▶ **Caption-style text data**
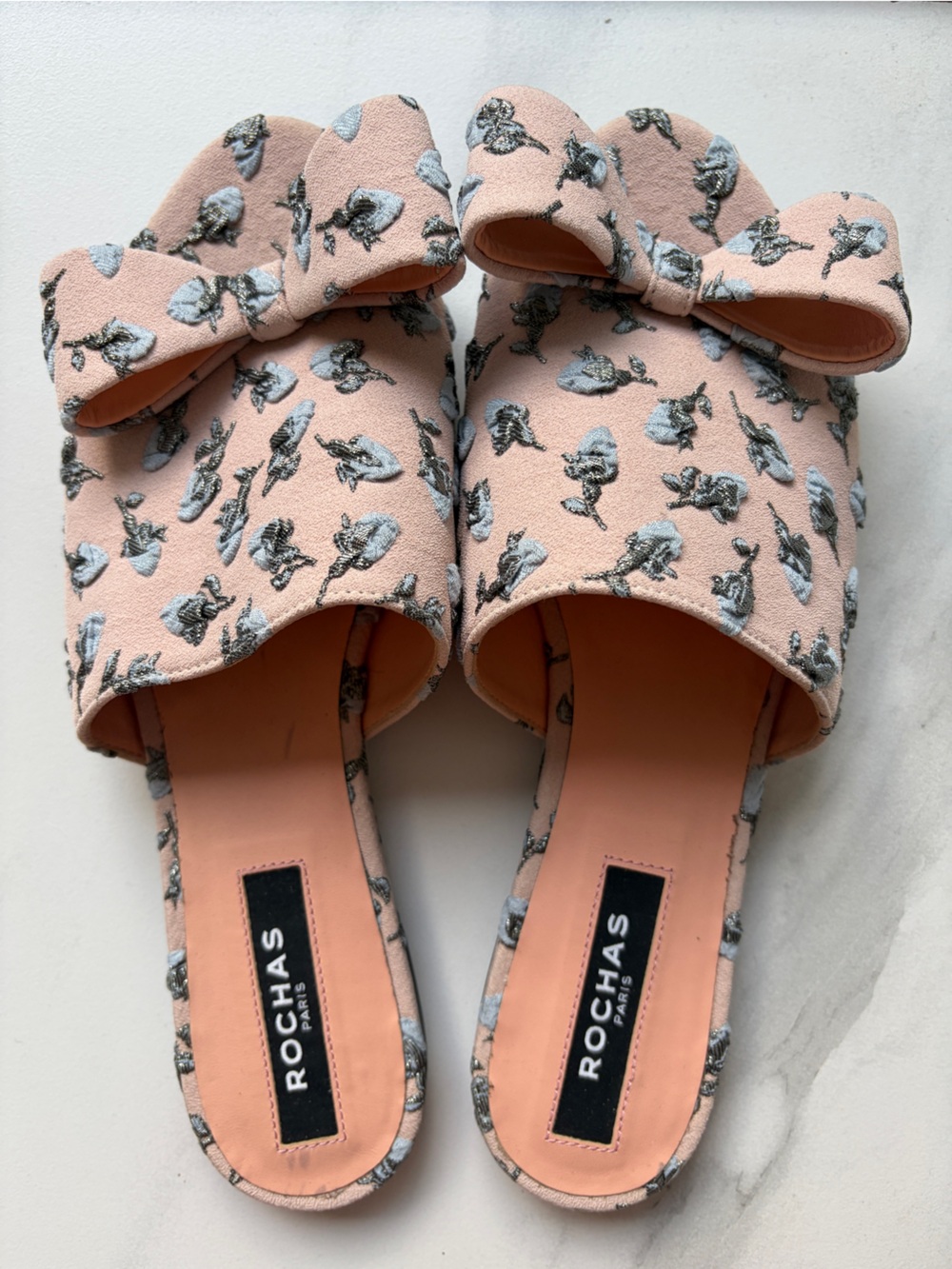 Rochas Blush Pink Floral Bow Slide Mules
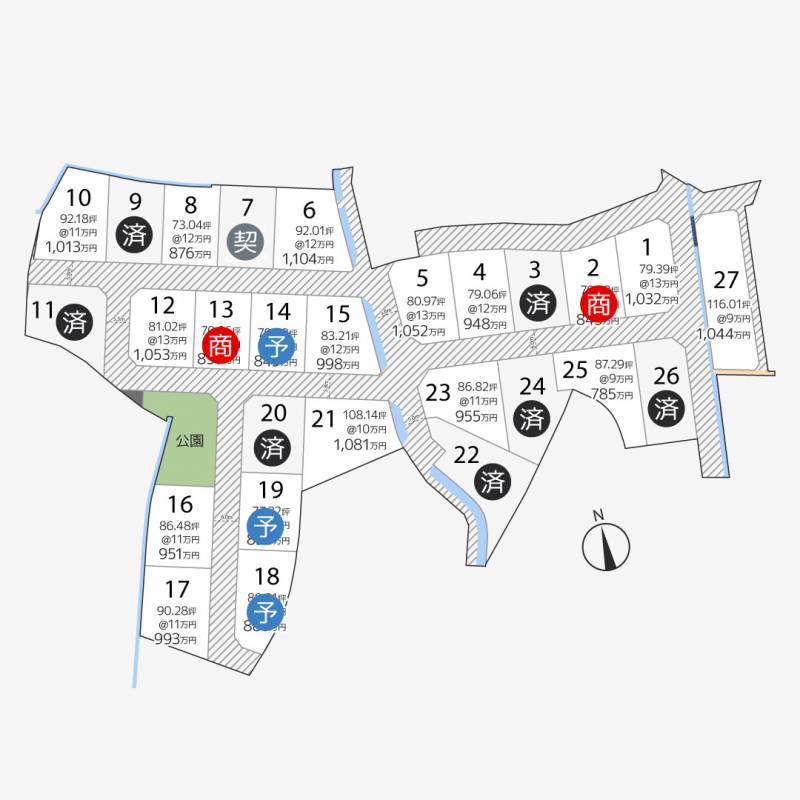 高松市新田町甲 新田町27区画27号地の区画図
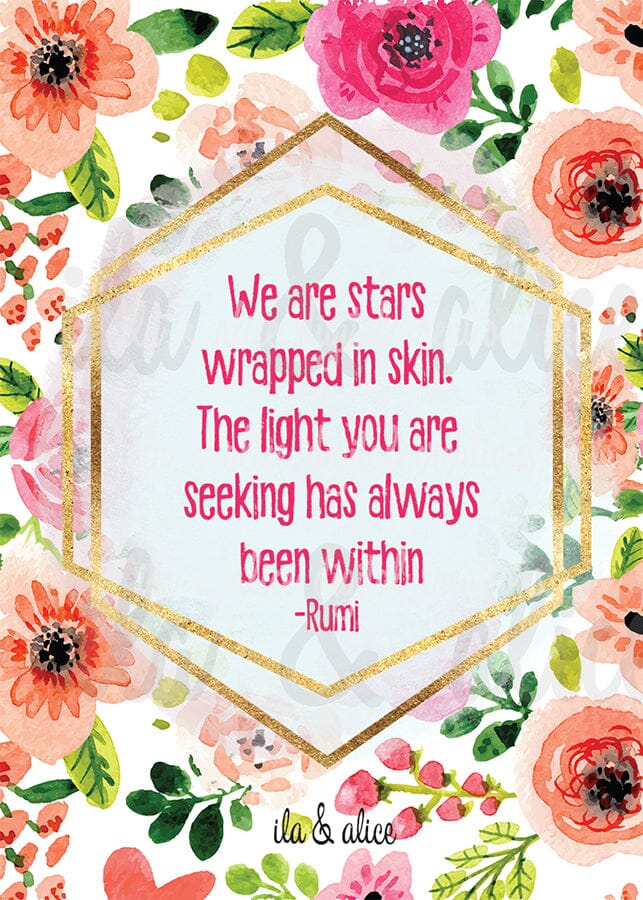 Rumi & Buddha Quote Postcards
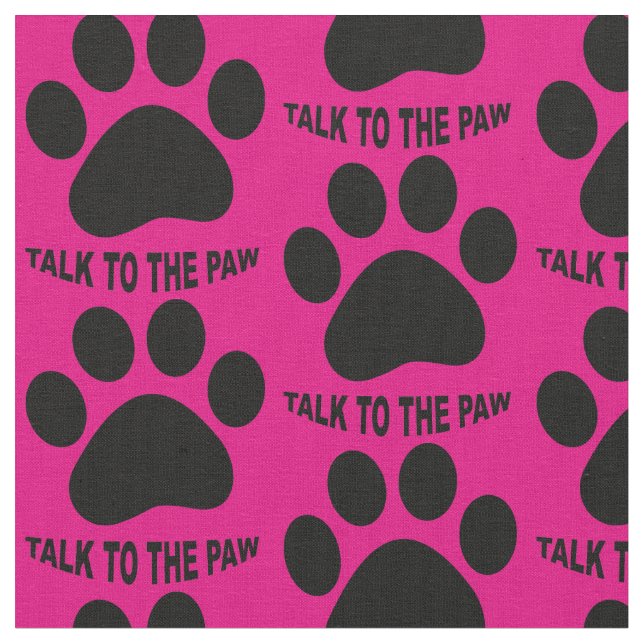Choose your background colour Paw print fabric (Close Up)
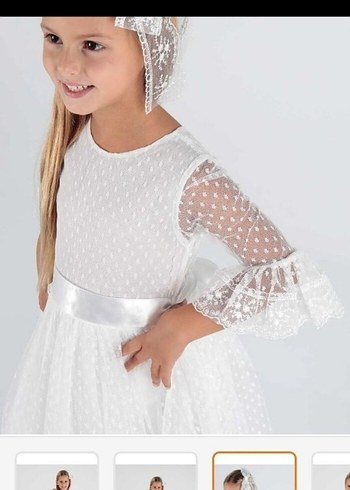 Beyaz Dantel Detaylı Kız Elbisesi - Görsel 6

▶ **EXERCISE BRIEF**
An exact copy of every record above is required, with all pictures omitted.

▶ **YOUR SOLUTION**
 Rochas Blush Pink Floral Bow Slide Mules
 高松市新田町甲 新田町27区画27号地の区画図
 Rumi & Buddha Quote Postcards
Choose your background colour Paw print fabric (Close Up)
 Beyaz Dantel Detaylı Kız Elbisesi - Görsel 6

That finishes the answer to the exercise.